JP2006217454A - Semiconductor integrated circuit - Google Patents

Abstract

<P>PROBLEM TO BE SOLVED: To provide a semiconductor integrated circuit for preventing signal shrinkage on the negative side with respect to the semiconductor integrated circuit which uses a negative power source generated by a charge pump circuit and has a video output circuit capable of outputting a signal with a positive/negative voltage. <P>SOLUTION: In the semiconductor integrated circuit including the charge pump circuit for generating a negative power source voltage, an input part for biasing an average level of video signals by 0V, and the video signal output circuit, an output of an average level detection circuit for detecting an average value of video signal outputs and an output of a lower limit level detection circuit for detecting a lower limit level of video signal outputs are determined, and a 0V bias circuit is selected at the time of input of a standard video signal, and a clamp bias circuit is selected at the time of input of a high-luminance video signal, whereby distortion on the negative side of an output signal is prevented even at the time of input of the high-luminance video signal to output a normal video signal. <P>COPYRIGHT: (C)2006,JPO&NCIPI

Description

  The present invention relates to a semiconductor integrated circuit that uses a negative power source generated by a charge pump circuit and has a video signal output circuit capable of outputting a signal positively or negatively and prevents negative signal shrinkage. .

  2. Description of the Related Art Conventionally, semiconductor integrated circuits that output analog signals of video signals include semiconductor integrated circuits that have positive and negative power supplies and drive a load with 0V average. Among the semiconductor integrated circuits, Patent Document 1 proposes an integrated circuit that incorporates a circuit that generates a negative power supply from a single positive power supply voltage and can output a signal positively or negatively.
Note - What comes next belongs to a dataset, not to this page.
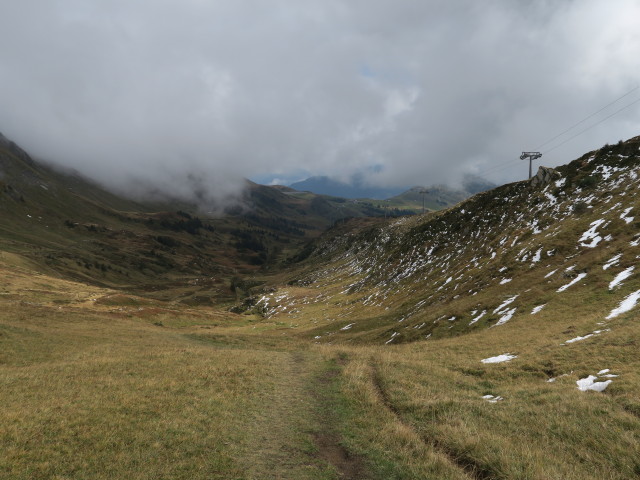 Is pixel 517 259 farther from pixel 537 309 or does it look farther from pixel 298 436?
pixel 298 436

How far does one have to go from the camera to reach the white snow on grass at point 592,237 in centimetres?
4038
Furthermore, in recent years, the number of video output has been increased by adapting to the input of television S terminal, D terminal, etc., and the power supply voltage has been reduced to 2.7 V or less due to the portable products.

  In addition, there has been a proposal regarding the restriction of an input signal in a semiconductor integrated circuit device including an input circuit unit that receives an external input signal, and a clip circuit and a clamp circuit that prevent the input signal from falling below the substrate potential of the semiconductor integrated circuit. Japanese Patent Laid-Open No. 2004-133867 proposes an integrated circuit having a signal input at the input unit.
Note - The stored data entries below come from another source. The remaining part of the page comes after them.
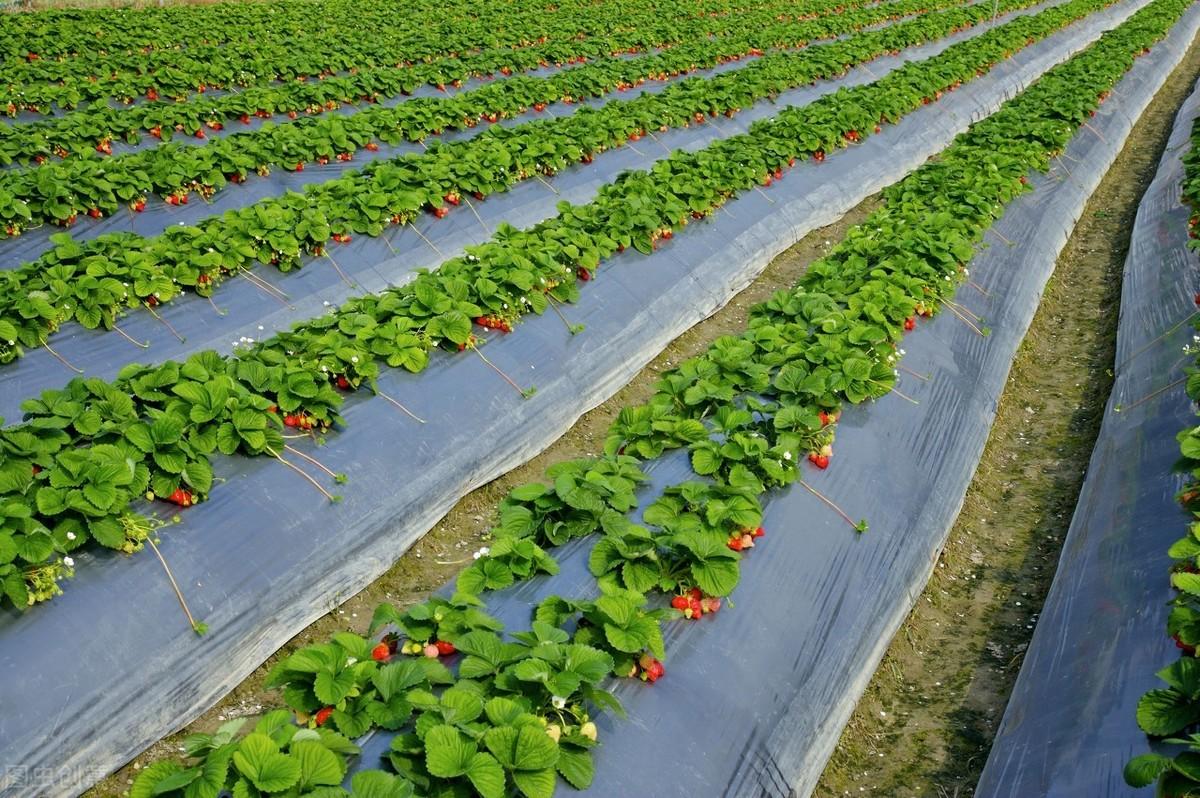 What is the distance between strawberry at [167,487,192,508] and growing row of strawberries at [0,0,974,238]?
483 cm

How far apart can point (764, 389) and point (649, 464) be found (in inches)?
45.0

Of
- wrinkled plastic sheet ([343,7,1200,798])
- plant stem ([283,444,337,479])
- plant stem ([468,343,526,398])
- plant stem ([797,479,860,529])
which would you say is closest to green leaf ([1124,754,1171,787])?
wrinkled plastic sheet ([343,7,1200,798])

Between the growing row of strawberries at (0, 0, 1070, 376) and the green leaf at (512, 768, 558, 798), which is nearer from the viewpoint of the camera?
the green leaf at (512, 768, 558, 798)

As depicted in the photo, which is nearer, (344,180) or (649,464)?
(649,464)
  A conventional semiconductor integrated circuit that incorporates a negative power supply generation circuit and can output positive and negative signals will be described below.

  FIG. 5 shows a conventional semiconductor integrated circuit.
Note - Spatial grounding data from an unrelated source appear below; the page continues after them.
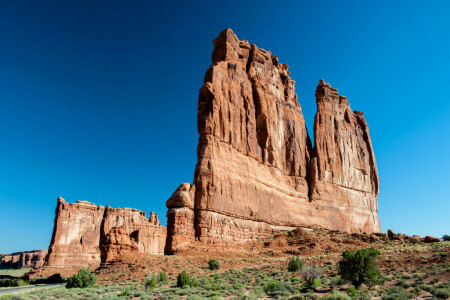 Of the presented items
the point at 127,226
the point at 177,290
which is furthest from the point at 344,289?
the point at 127,226

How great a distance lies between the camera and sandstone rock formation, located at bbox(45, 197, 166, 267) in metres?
52.3

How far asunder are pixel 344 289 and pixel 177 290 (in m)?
8.97

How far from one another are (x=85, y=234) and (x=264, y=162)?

  In FIG. 5, reference numeral 1 denotes a resistor, 2 denotes an output amplifier, 3 denotes a negative power supply generation charge pump circuit, and 10 denotes a semiconductor integrated circuit including a resistor 1, an output amplifier 2, and a negative power supply generation charge pump circuit 3. 21 is an input signal source, 22 is an input capacity, 23 is a flying capacity, 24 is a charge capacity, 25 is a load, and 26 is a negative power source impedance.

  The following operation is described for the semiconductor integrated circuit configured as described above.

  The input signal DC-cut by the input capacitor 22 is biased at an average level of 0 V by the resistor 1 connected between the input terminal and GND. The output amplifier 2 uses VSS generated by the negative power supply generation charge pump circuit 3 as a negative power supply, amplifies the signal biased to 0V by the resistor 1 on the basis of 0V, and drives the load 25.

  FIG. 6A shows an example of signal waveforms at the input / output pins when a standard video signal is input. Here, the output amplifier 2 is an amplifier capable of outputting up to VSS + Vsat on the negative side by collector-collector connection, and the gain is 6 dB. The input signal is biased by 0V, and the output signal also has an average level of 0V and outputs twice the amplitude of the input signal.

As an example, when Vsat = 0.3V, VSS = −2.5V, negative power supply impedance 20Ω, and current I flowing into VSS is 10 mA, VSS + Vsat = −2.5 + 20 × 10e−3 + 0.3V = −2.0V Become. Since the output SYNC voltage of the 0V average white 130% video signal is about -2V, white 130% is a limit value at which normal output is possible when the negative power supply fluctuation due to the signal current is ignored.
Japanese Patent Laid-Open No. 7-106963 Japanese Patent Laid-Open No. 5-299959

  However, in the above configuration, when a higher-luminance video signal is input and the gain multiple of the SYNC voltage of the input signal is lower than VSS + Vsat, the output signal causes SYNC contraction. FIG. 6B shows an example of the waveform of the input / output pins when a video signal having a higher luminance than that in FIG. 6A is input. The input signal is biased by 0V and the amplitude of the input signal is doubled by the output amplifier, but the SYNC portion of the output signal is shrunk due to the saturation of the output NPN transistor of the output amplifier. This phenomenon of SYNC shrinkage may cause the video signal to be out of synchronization on the television side, which is a problem.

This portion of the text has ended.